You can find Alexander Tuschinski’s interview with Gerda Herrmann (in German) here.
And for more information about director and filmmaker Alexander Tuschinski check out his interview by actor Thomas Goersch (in German as well).
Stephen Kalinich ist ein autodidaktischer Künstler mit vielseitiger Karriere. In den 1960-er Jahren erlangte er zunächst als Textdichter für The Beach Boys Berühmtheit. Seitdem hat er mit Paul McCartney, P. F. Sloan, Brian May und vielen anderen berühmten Komponisten und Interpreten zusammengearbeitet. Obwohl er oft als „Dichter“ beschrieben wird, der die Hippie-Werte der 1960er Jahre hochhält, war und ist Kalinich in vielen Bereichen aktiv: Er trägt seine Gedichte vor, nimmt eigene Songs auf, spielt in Filmen mit und hat nun mit Ende 70 begonnen, zu malen.
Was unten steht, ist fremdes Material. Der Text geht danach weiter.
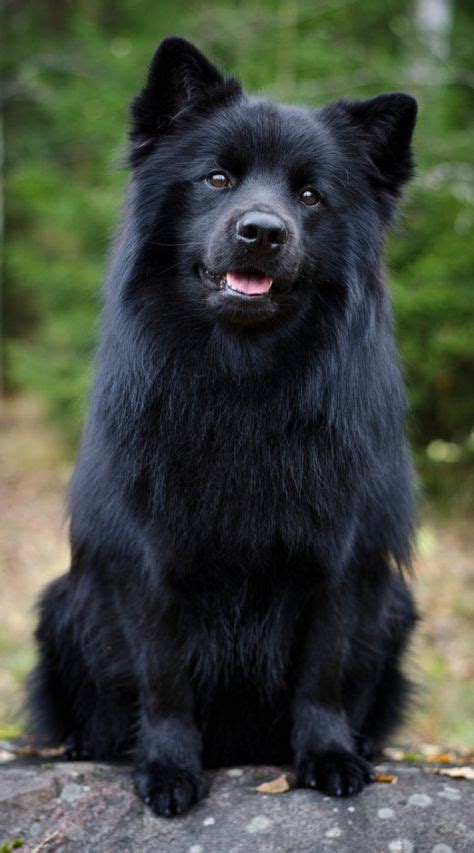 36 Best Black Chow Chow Ideas Black Chow Chow Chow Chow Chow Chow Dogs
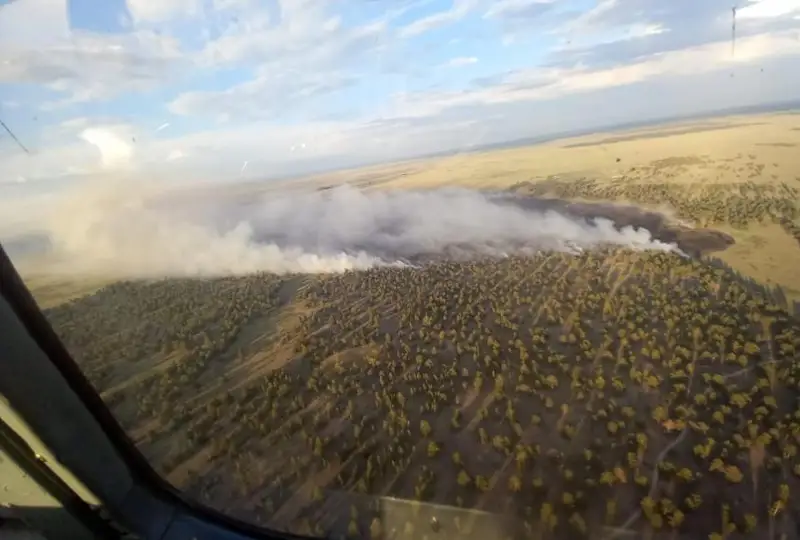 اباي وبلىسىنداعى ورمان اۋماعىنان شىققان ءورت 20 گەكتار اۋماقتى شارپىدى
Hier ist er im Interview mit Filmregisseur Alexander Tuschinski, der seit einigen Jahren mit ihm befreundet ist.
Stephen, als wir uns im Februar dieses Jahres zum letzten Mal in Los Angeles trafen, hast du mir eine faszinierende Führung durch deine Wohnung gegeben, die inzwischen eigentlich eher ein Atelier für deine Malerei ist. Außerdem warst du zu der Zeit damit beschäftigt, ein Spoken-Word-Album aufzunehmen. Wie hast du die Monate seitdem verbracht?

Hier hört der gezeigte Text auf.